Gasworks presents the first UK solo exhibition by New York-based artist Pedro Neves Marques.
Pedro Neves Marques is a visual artist, filmmaker and writer working across theory and speculative fiction. Informed by anthropology, his films and writings trace the histories of colonialism past and present, while weaving a constant dialogue with contemporary issues of political ecology, science and technology. In particular, his work often engages with indigenous struggles and Amerindian cosmologies in Brazil, where most of his films are produced.
For his first UK solo exhibition, Neves Marques presents a body of works based on his research in a laboratory in São Paulo that breeds genetically-engineered mosquitoes. Ranging from analogue film and digital animation to poetry, the exhibition features new and existing works that interrogate the laboratory as a place that defines the biopolitics of the 21st Century.
The exhibition examines the trauma of biological warfare against the backdrop of the Zika virus epidemic. Blood and sex hormones are revealed as agents of power that operate with extraordinary force in our daily lives at the molecular level. Drawing on the literary traditions of horror and feminist science fiction, Neves Marques invites the viewer to speculate on the future of love, sex, care and intimacy in the midst of the current rise of authoritarian politics.
Pedro Neves Marques is a New York-based artist raised in Lisbon.

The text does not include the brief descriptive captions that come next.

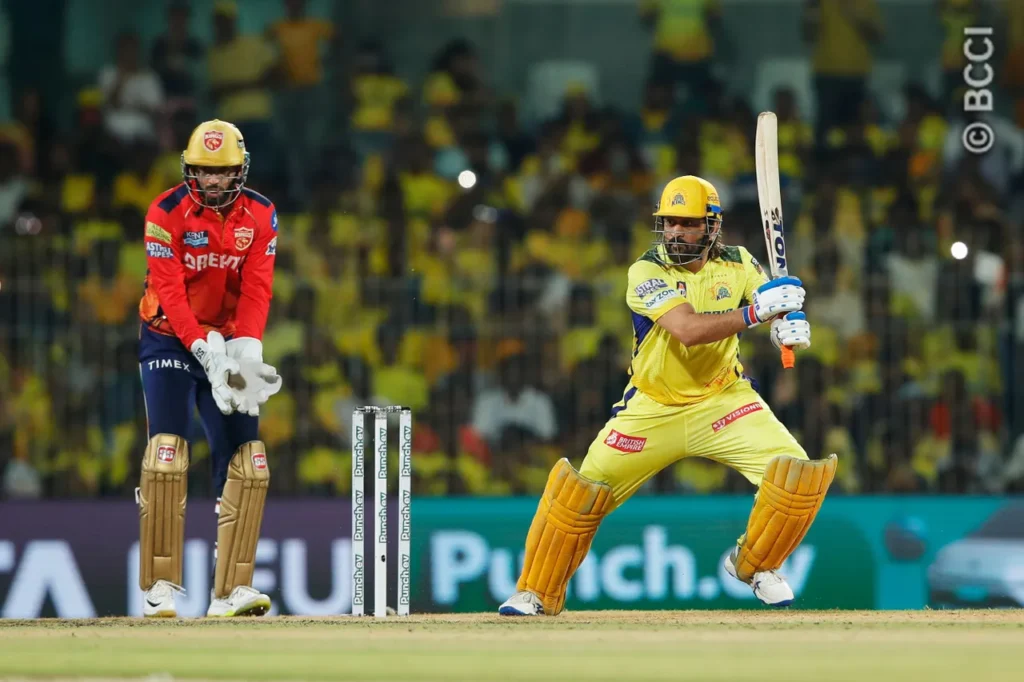 CSK vs PBKS - 1 May 2024 - MS Dhoni scored 14 (11) with one 4s and one 6s.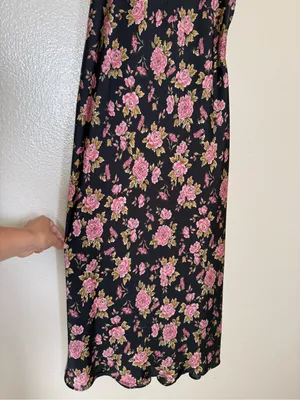 Zara Black Rose Floral Satin Maxi Slip Dress XS Lace Trim Dark Coquette Y2K thumbnail 5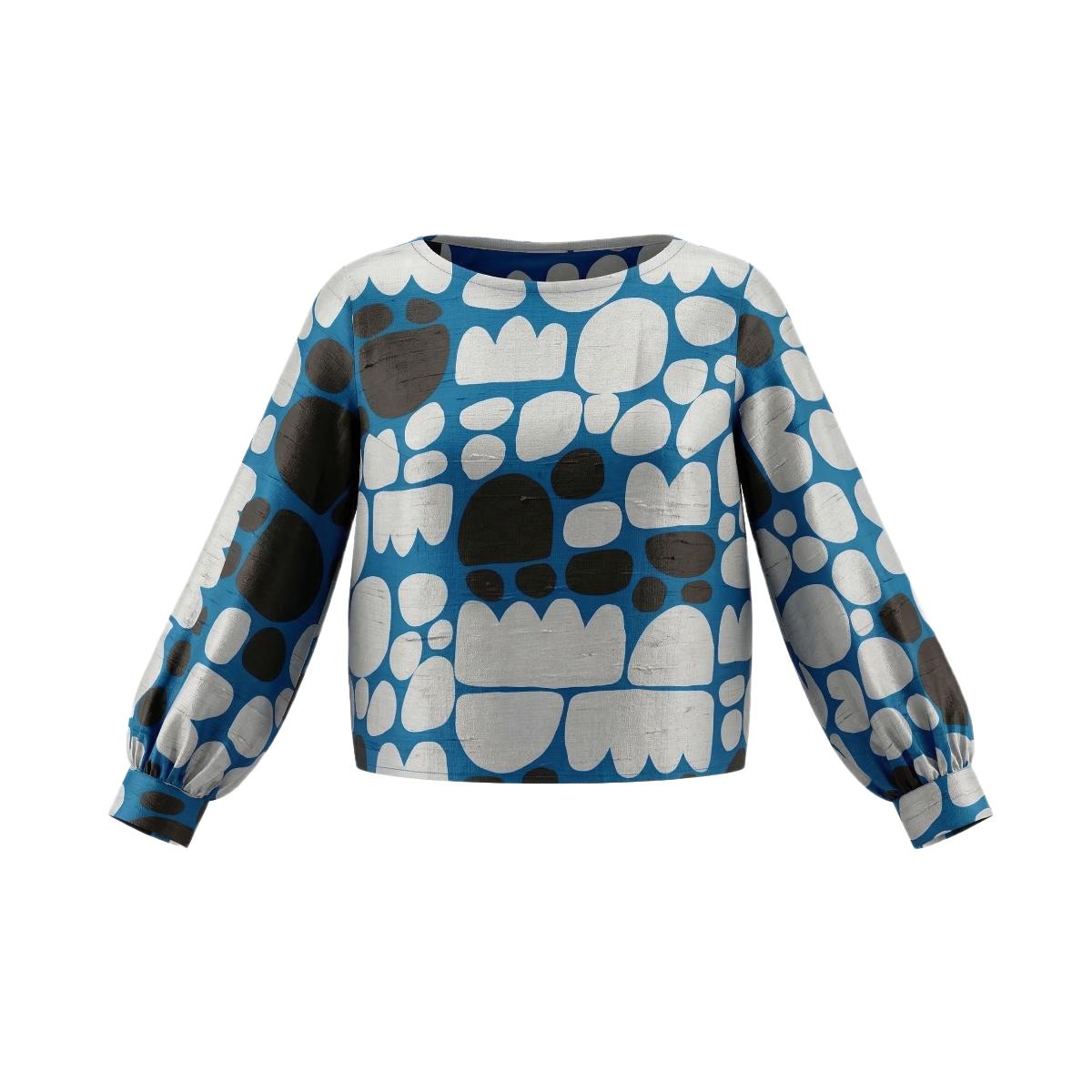 Puli Puli - Bishop Sleeves Top - Silver and Black on Blue (Silk)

Recent exhibitions and screenings include: Pérez Art Museum of Miami; New Museum, Anthology Film Archives, Sculpture Center and e-flux in New York; Jeu de Paume and Kadist Art Foundation in Paris; Tate Modern in London; V-A-C Foundation and PAV in Italy; Sursock Art Museum in Beirut; the Times Museum in Guangzhou; Fundación Botín in Santander; Museu Coleção Berardo in Lisbon. In 2017, he published his second short-fiction book, Morrer na América (Dying in America). He is also the editor of The Forest and the School: Where to Sit at the Dinner Table? (2015), the first anthology in English that explores the tradition of Brazilian anthropophagy not just as an aesthetic movement, but also as a cosmopolitical philosophy.